Richard se trouvait devant la lourde porte vitré de la bibliothèque de San Francisco. A cette heure-ci, elle était fermée. Il fit tinter la cloche. Peu de temps après, le bibliothécaire arriva. Il reconnut Richard immédiatement et le fit entrer.
- Bonsoir Monsieur Brautigan, vous apportez un nouveau livre ?
- Non. Je viens en chercher un.
- Mais c'est impossible vous le savez bien.

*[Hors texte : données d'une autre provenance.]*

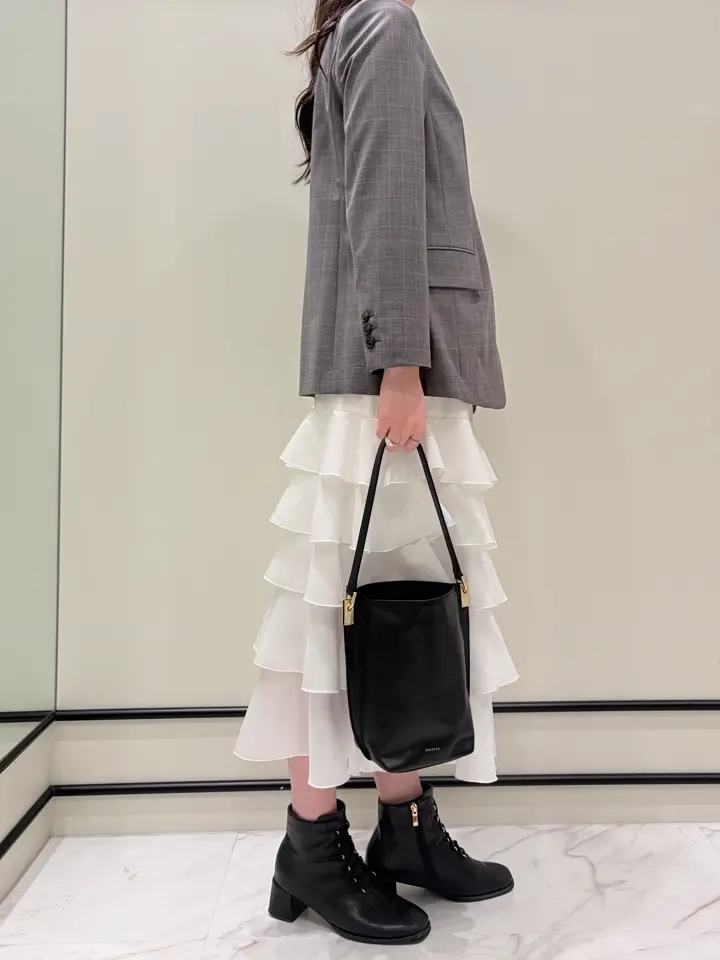 GRACE CONTINENTAL Hotei コーディネート画像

Oui, Richard le savait très bien. Ce n'était pas ce genre de bibliothèque où l'on emprunte des livres. C'était un autre genre de bibliothèque. Les auteurs y apportaient les manuscrits qu'ils venaient d'achever. Mais ce soir là, Richard voulait récupérer un écrit qu'il avait déposé là des années auparavant. Il insista avec véhémence. Le bibliothécaire persista dans son refus. Richard, emporté par son ivresse quotidienne, frappa le gardien du lieu d'un violent coup de poing au visage. L'homme s'étala par terre, inconscient.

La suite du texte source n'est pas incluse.